On August 12, 2025, Squint announced a $40 million Series B raise, locking in a $265 million valuation. The round was led by The Westly Group and TCV, with Sequoia Capital and Menlo Ventures returning for more. It pushes Squint’s total funding past $59 million, but the money isn’t just a scoreboard, it’s fuel for a bigger play. Devin Bhushan and founding partners Dylan Conway and Jim Zhu are gunning to turn “Agentic Manufacturing” from a concept into the standard, advancing AI that doesn’t just suggest fixes but actively drives decision-making on the shop floor.
This isn’t theoretical. Squint is already deployed across hundreds of Fortune 500 factories, with tens of thousands of operators running AR-guided workflows on devices they already own, no custom headsets, no six-month onboarding.

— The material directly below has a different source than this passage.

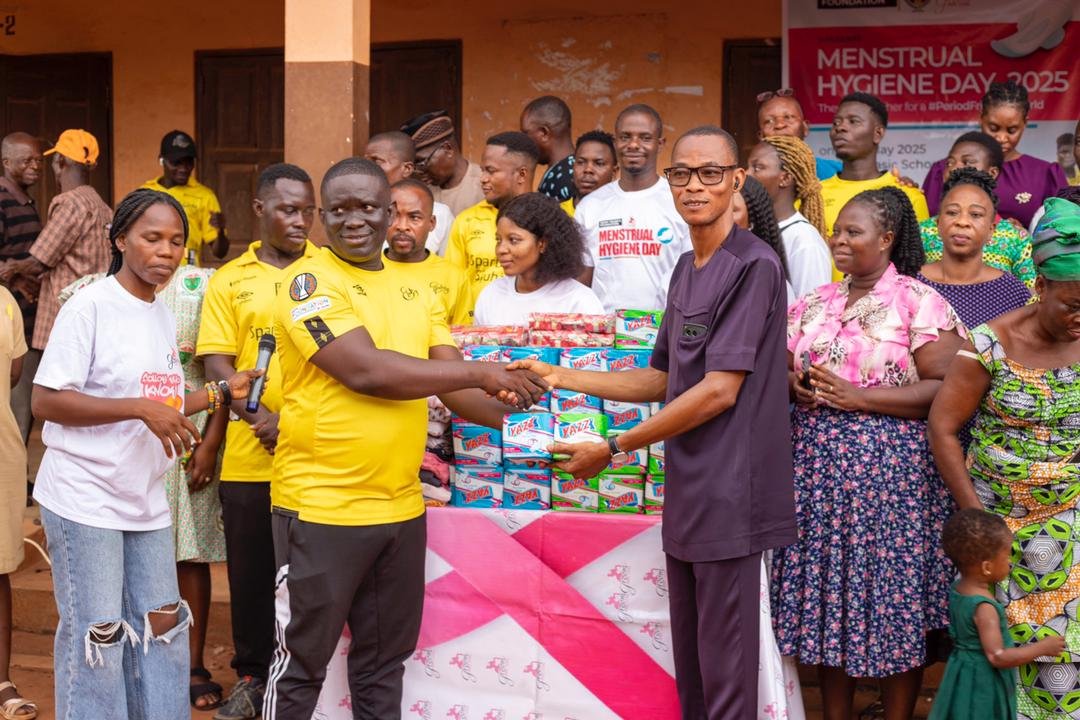 • Manager of Terry Yegbe, Eric Ahiabu (left) presenting sanitary products to a representative of Horti Primary School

PepsiCo, Michelin, Ford, Siemens, Volvo, Colgate-Palmolive, Berkshire Hathaway Energy, and JTEKT are among those using it to cut training time by 86%, slash production delays by 74%, reduce scrap by 93%, and, in one Fortune 50 site, add $4 million in profit in a single year. Operators themselves report 91% satisfaction, numbers most enterprise software companies would kill for.
The funding will deepen Squint’s integration with manufacturing giants’ existing systems like SAP, IBM, and Oracle while opening doors into sectors from energy to logistics to healthcare. A Fortune 50 customer is already expanding Squint to 70-plus sites, and a Global Fortune 500 manufacturer is rolling it out to 10,000 field technicians. That’s the definition of demand pull, not push.
The play here is bigger than AR overlays or AI copilots. It’s about turning every factory, plant, or field site into a self-updating brain, where institutional knowledge is instantly available, where the system learns from every action taken, and where execution speed and accuracy become a competitive weapon. Squint isn’t just giving operators the answers; it’s making the questions obsolete.
Congratulations to Devin Bhushan, Dylan Conway, Jim Zhu, and the entire Squint team, along with The Westly Group, TCV, Sequoia Capital, and Menlo Ventures. This is how you take a $7 trillion industry and make it squint at what’s possible next.